16-byte alignment is sometimes useful for local variables on the stack (especially arrays), and guaranteeing 16-byte alignment means compilers can get it for free whenever it's useful, even if the source doesn't explicitly request it.

If the stack alignment relative to a 16-byte boundary wasn't known, every function that wanted an aligned local would need an and rsp, -16, and extra instructions to save/restore rsp after an unknown offset to rsp (either 0 or -8) e.g. using up rbp for a frame pointer.

Without AVX, memory source operands have to be 16-byte aligned. e.g. paddd xmm0, [rsp+rdi] faults if the memory operand is misaligned. So if alignment isn't known, you'd have to either use movups xmm1, [rsp+rdi] / paddd xmm0, xmm1, or write a loop prologue / epilogue to handle the misaligned elements. For local arrays that the compiler wants to auto-vectorize over, it can simply choose to align them by 16.

Also note that early x86 CPUs (before Nehalem / Bulldozer) had a movups instruction that's slower than movaps even when the pointer does turn out to be aligned. (I.e. unaligned loads/stores on aligned data was extra slow, as well as preventing folding loads into an ALU instruction.) (See Agner Fog's optimization guides, microarch guide, and instruction tables for more about all of the above.)

These factors are why a guarantee is more useful than just "usually" keeping the stack aligned.
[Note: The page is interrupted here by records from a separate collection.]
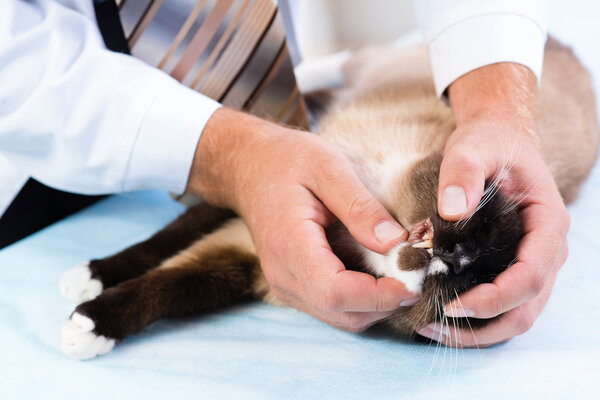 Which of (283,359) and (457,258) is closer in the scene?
(457,258)

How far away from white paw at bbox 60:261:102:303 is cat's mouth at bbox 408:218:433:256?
717 mm

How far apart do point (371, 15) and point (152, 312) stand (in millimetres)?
3424

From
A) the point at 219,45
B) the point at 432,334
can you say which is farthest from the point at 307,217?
the point at 219,45

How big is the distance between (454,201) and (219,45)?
0.80 m

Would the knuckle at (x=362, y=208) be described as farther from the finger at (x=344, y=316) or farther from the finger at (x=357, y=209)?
the finger at (x=344, y=316)

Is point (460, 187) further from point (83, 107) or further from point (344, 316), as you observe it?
point (83, 107)

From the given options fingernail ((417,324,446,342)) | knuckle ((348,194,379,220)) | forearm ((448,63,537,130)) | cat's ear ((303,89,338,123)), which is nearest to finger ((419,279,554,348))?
fingernail ((417,324,446,342))

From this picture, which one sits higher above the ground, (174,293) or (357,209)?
(357,209)

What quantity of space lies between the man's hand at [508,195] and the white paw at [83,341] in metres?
0.59

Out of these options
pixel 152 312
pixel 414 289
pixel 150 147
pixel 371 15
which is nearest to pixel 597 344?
pixel 414 289

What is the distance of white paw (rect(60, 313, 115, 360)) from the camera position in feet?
3.21

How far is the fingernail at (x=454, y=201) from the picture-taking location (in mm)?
825

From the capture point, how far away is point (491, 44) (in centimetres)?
123

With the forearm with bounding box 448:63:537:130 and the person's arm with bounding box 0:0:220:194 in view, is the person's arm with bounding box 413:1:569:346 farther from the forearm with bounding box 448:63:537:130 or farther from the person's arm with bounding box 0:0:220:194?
the person's arm with bounding box 0:0:220:194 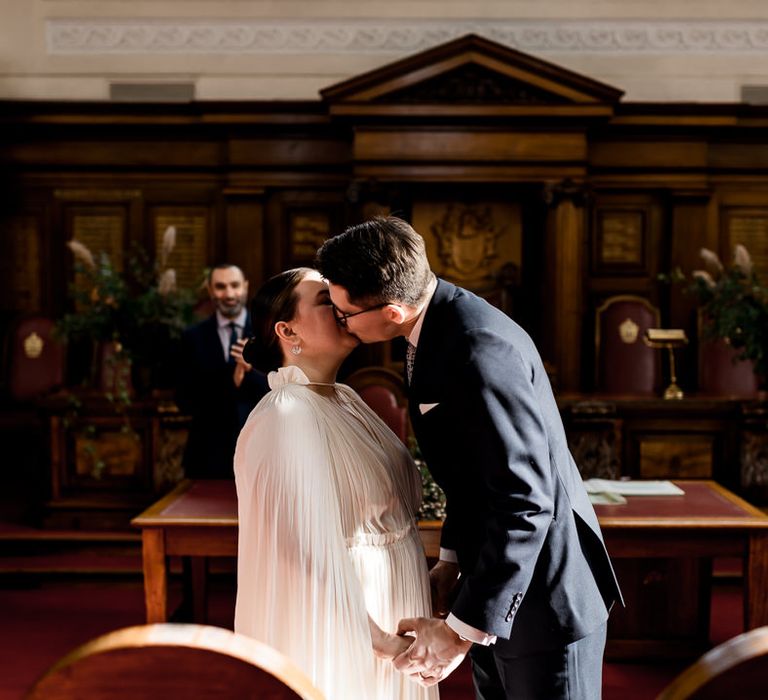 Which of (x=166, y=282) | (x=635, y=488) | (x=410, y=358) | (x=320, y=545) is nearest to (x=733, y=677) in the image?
(x=320, y=545)

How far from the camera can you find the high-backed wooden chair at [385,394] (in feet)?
12.7

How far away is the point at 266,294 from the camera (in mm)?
1810

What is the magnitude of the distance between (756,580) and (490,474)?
1.78m

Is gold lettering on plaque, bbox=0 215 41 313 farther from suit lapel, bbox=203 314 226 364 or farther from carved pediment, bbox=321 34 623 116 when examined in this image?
suit lapel, bbox=203 314 226 364

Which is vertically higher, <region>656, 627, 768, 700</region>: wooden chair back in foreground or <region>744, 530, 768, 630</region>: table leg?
<region>656, 627, 768, 700</region>: wooden chair back in foreground

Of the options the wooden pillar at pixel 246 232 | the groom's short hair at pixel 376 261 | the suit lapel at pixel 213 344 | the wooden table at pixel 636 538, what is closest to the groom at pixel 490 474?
the groom's short hair at pixel 376 261

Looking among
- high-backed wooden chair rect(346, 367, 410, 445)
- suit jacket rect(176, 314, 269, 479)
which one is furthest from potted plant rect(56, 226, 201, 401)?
high-backed wooden chair rect(346, 367, 410, 445)

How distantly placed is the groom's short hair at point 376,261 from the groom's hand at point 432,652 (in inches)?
25.3

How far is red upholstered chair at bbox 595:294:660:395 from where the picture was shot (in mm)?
6375

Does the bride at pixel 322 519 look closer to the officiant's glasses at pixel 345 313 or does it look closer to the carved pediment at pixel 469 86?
the officiant's glasses at pixel 345 313

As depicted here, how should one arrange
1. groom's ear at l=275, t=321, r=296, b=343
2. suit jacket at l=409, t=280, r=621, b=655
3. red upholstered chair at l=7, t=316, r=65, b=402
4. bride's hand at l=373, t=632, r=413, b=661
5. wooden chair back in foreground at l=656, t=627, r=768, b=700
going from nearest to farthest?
wooden chair back in foreground at l=656, t=627, r=768, b=700
suit jacket at l=409, t=280, r=621, b=655
bride's hand at l=373, t=632, r=413, b=661
groom's ear at l=275, t=321, r=296, b=343
red upholstered chair at l=7, t=316, r=65, b=402

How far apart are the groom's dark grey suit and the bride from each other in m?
0.14

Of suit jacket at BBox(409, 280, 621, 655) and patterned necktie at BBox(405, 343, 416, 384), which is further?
patterned necktie at BBox(405, 343, 416, 384)

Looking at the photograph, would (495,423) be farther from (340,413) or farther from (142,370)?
(142,370) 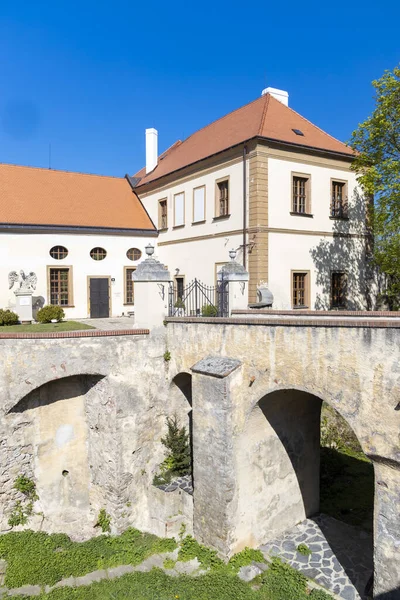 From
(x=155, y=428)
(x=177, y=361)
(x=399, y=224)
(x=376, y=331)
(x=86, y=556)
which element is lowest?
(x=86, y=556)

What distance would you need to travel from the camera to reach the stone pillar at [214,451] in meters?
11.3

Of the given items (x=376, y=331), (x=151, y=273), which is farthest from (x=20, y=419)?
(x=376, y=331)

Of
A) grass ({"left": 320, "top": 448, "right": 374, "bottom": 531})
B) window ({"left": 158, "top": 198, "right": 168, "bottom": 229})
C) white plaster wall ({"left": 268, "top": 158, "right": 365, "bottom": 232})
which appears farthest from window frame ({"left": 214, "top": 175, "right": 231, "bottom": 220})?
grass ({"left": 320, "top": 448, "right": 374, "bottom": 531})

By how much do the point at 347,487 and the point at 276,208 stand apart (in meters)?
11.1

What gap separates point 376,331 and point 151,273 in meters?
7.57

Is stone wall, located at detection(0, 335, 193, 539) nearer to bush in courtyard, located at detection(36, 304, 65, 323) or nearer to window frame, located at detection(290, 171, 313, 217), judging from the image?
bush in courtyard, located at detection(36, 304, 65, 323)

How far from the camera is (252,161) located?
18266 millimetres

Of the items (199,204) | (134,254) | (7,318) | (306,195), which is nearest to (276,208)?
(306,195)

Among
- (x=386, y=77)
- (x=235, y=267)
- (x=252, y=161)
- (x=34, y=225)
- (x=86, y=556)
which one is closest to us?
(x=86, y=556)

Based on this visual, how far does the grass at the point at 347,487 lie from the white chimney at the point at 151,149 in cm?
2028

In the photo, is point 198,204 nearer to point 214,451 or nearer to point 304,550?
point 214,451

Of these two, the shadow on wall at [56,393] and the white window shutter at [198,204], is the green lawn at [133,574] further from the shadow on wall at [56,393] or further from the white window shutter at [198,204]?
the white window shutter at [198,204]

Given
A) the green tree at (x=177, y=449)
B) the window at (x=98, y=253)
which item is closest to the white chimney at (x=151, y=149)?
the window at (x=98, y=253)

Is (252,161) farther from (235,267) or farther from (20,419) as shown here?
(20,419) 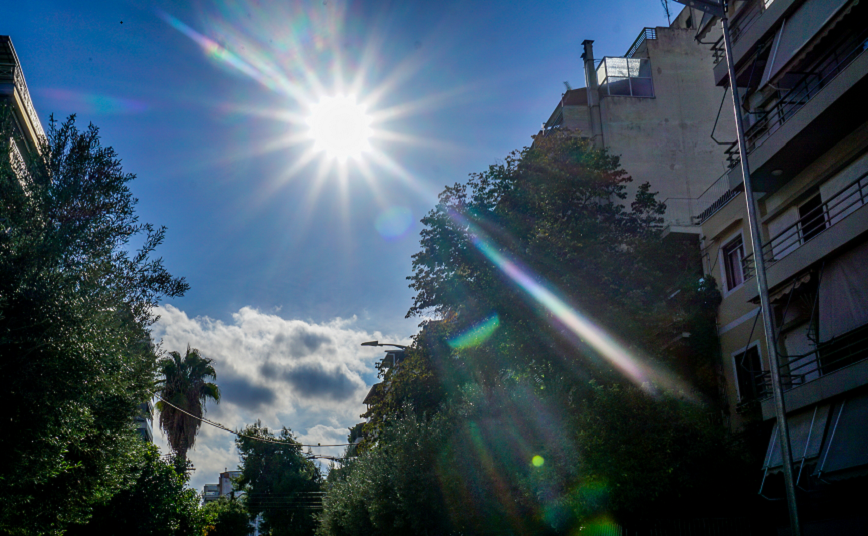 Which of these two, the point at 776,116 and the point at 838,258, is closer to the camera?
the point at 838,258

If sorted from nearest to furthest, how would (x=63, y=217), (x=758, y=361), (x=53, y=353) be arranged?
1. (x=53, y=353)
2. (x=63, y=217)
3. (x=758, y=361)

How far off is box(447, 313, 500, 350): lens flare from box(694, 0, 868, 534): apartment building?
7627 millimetres

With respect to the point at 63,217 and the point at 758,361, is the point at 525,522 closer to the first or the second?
the point at 758,361

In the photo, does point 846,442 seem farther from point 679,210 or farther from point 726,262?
point 679,210

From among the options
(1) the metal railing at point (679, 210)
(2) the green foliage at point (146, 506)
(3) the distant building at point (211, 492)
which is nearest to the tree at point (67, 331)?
(2) the green foliage at point (146, 506)

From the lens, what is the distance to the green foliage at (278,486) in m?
53.8

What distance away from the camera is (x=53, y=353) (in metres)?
11.8

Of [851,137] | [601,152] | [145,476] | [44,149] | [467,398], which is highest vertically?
[601,152]

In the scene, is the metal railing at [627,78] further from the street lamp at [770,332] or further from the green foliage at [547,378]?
the street lamp at [770,332]

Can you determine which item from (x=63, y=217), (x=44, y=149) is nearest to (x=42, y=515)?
(x=63, y=217)

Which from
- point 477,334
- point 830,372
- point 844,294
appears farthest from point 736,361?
point 477,334

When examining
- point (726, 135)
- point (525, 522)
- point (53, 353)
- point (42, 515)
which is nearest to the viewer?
point (53, 353)

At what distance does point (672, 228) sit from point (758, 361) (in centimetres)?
675

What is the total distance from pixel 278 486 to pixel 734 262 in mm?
42851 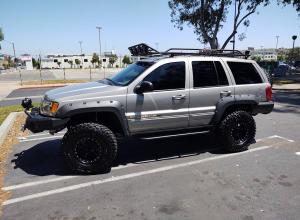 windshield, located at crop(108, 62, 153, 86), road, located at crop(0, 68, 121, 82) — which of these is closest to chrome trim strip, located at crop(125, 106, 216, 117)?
windshield, located at crop(108, 62, 153, 86)

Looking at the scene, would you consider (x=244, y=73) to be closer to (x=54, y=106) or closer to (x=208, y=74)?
(x=208, y=74)

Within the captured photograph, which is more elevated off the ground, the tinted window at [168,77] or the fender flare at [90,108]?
the tinted window at [168,77]

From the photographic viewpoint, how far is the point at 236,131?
19.8 ft

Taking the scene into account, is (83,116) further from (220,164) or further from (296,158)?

Being allowed to make code which actually faults on a misaligned stack allows more optimization opportunities.

Aligned arrays also speed up vectorized memcpy / strcmp / whatever functions that can't assume alignment, but instead check for it and can jump straight to their whole-vector loops.

From a recent version of the x86-64 System V ABI (r252):

An array uses the same alignment as its elements, except that a local or global
array variable of length at least 16 bytes or a C99 variable-length array variable
always has alignment of at least 16 bytes.⁴

⁴ The alignment requirement allows the use of SSE instructions when operating on the array.
The compiler cannot in general calculate the size of a variable-length array (VLA), but it is expected
that most VLAs will require at least 16 bytes, so it is logical to mandate that VLAs have at
least a 16-byte alignment.

This is a bit aggressive, and mostly only helps when functions that auto-vectorize can be inlined, but usually there are other locals the compiler can stuff into any gaps so it doesn't waste stack space. And doesn't waste instructions as long as there's a known stack alignment. (Obviously the ABI designers could have left this out if they'd decided not to require 16-byte stack alignment.)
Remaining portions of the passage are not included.